Nasib 1.023 Retaker Dokter Terkatung-katung, Ketua Komisi XIII: Kembalikan Spirit Humanisme dalam Pendidikan Kedokteran
Sejarah berdirinya Republik Indonesia tidak dapat dilepaskan dari peran dokter. Hal itu dikatakan Ketua Komisi XIII DPR Willy Aditya dalam diskusi publik bertajuk “Menata Kesempatan yang Adil bagi Retaker Dokter: Tantangan dan Solusi ke Depan”.
“Republik ini lahir dari tangan dokter. Bukan kita saja yang lahir dari tangan bidan dan dokter,” ujar Willy saat menyampaikan keynote speechnya dalam acara yang digelar di Ruang Literasi Kaliurang, Yogyakarta, Sabtu (19/9/2026)
Willy mengatakan pandangan tersebut juga menjadi salah satu alasan dirinya terlibat dalam pembahasan revisi Undang-Undang Pendidikan Kedokteran saat menjadi Wakil Ketua Badan Legislasi (Baleg) DPR Periode 2019-2024. Dia menilai pendidikan kedokteran merupakan perjumpaan dua hal yang sangat elementer dalam kehidupan masyarakat.
Baca juga: KPK: Rektor Unsoed Minta Orang Tua Calon Maba Fakultas Kedokteran Siapkan Rp650 Juta
“Karena pendidikan kedokteran itu perjumpaan dari dua hal yang paling elementer dalam hidup kita. Satu itu pendidikan, yang kedua itu kedokteran,” tuturnya.Willy juga menyoroti persoalan yang dihadapi para retaker dokter, termasuk mereka yang belum lulus Uji Kompetensi Mahasiswa Program Profesi Dokter (UKMPPD). Saat ini, retaker dokter ada sebanyak 1.023 orang.

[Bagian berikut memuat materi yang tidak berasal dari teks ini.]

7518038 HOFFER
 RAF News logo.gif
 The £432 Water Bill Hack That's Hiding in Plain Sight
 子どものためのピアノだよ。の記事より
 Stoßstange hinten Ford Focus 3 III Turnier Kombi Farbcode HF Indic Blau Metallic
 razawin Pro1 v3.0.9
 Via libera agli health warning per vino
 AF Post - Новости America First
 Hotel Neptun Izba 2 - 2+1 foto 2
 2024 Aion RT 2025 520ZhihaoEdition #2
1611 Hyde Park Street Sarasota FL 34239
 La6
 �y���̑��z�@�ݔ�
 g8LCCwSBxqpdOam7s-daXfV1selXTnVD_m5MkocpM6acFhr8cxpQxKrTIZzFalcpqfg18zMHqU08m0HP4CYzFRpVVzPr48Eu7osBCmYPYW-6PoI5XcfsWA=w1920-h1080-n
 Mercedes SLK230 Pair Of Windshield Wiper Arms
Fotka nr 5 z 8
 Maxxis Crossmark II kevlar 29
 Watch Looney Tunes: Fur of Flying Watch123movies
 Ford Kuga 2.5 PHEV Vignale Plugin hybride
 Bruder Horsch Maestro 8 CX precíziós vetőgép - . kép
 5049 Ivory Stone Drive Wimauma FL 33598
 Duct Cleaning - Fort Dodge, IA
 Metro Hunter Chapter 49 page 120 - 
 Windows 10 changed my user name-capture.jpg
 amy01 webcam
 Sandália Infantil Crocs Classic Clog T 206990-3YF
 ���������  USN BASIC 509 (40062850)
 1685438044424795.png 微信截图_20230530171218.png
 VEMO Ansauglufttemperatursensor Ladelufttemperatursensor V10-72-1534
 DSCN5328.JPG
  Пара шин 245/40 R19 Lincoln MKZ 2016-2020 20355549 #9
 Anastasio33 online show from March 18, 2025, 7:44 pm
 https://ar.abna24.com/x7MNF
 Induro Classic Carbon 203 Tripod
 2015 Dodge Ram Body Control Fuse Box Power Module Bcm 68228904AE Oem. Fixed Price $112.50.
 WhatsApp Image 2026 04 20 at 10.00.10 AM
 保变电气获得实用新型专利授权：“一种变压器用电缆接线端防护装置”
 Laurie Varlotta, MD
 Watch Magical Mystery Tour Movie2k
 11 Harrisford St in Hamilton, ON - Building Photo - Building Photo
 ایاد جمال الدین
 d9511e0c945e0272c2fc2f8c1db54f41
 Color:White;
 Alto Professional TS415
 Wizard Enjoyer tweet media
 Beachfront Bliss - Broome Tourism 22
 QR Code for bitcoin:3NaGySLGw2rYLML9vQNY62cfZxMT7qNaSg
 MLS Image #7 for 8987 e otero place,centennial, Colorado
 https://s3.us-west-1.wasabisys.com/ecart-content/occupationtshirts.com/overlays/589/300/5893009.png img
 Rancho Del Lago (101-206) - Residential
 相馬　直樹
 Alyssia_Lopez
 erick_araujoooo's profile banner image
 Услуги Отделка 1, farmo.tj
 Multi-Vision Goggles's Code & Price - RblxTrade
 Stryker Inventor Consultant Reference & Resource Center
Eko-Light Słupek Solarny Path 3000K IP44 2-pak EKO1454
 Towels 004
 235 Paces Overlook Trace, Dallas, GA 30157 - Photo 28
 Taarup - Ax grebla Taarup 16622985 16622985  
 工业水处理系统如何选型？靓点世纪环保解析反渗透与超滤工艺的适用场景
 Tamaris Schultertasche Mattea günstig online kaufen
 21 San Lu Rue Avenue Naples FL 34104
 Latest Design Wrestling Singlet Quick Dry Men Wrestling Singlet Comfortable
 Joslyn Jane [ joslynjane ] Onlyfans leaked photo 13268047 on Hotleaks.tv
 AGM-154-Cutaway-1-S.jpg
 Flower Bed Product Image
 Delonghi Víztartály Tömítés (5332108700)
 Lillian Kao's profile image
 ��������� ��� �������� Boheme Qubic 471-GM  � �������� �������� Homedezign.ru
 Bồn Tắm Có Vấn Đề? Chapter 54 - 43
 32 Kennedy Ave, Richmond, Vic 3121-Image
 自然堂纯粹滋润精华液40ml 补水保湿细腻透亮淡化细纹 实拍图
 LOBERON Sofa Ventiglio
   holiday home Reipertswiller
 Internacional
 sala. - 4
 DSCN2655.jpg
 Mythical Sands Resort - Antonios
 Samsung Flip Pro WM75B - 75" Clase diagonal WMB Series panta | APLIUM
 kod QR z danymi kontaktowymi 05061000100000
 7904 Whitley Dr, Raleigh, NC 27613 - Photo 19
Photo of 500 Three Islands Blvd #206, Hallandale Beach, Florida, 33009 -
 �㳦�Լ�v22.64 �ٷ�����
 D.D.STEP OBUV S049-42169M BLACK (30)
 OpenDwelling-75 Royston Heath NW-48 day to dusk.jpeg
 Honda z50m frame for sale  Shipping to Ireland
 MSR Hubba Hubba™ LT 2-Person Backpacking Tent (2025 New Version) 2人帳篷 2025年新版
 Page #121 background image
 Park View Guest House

Ia menilai persoalan tersebut tidak semata-mata berkaitan dengan kelulusan, tetapi juga menyangkut sistem pendidikan kedokteran secara keseluruhan. Willy menuturkan, sistem pendidikan kedokteran di Indonesia masih menghadapi persoalan feodalisme dan liberalisme.
“Feodalisme yang paling akut ada di mana? Fakultas kedokteran. Liberalisme yang paling akut ada di mana? Fakultas kedokteran,” jelasnya.
Willy juga menekankan pentingnya mengembalikan nilai humanisme dalam pendidikan kedokteran. Menurut Willy, dokter tidak cukup hanya memiliki kompetensi profesional, tetapi juga harus menjadikan kemanusiaan sebagai landasan dalam menjalankan profesinya.“Kita bersama-sama mengembalikan sumpah kedokteran. Apa sumpahnya? Mereka bersumpah atas nama kemanusiaan,” ujar Willy.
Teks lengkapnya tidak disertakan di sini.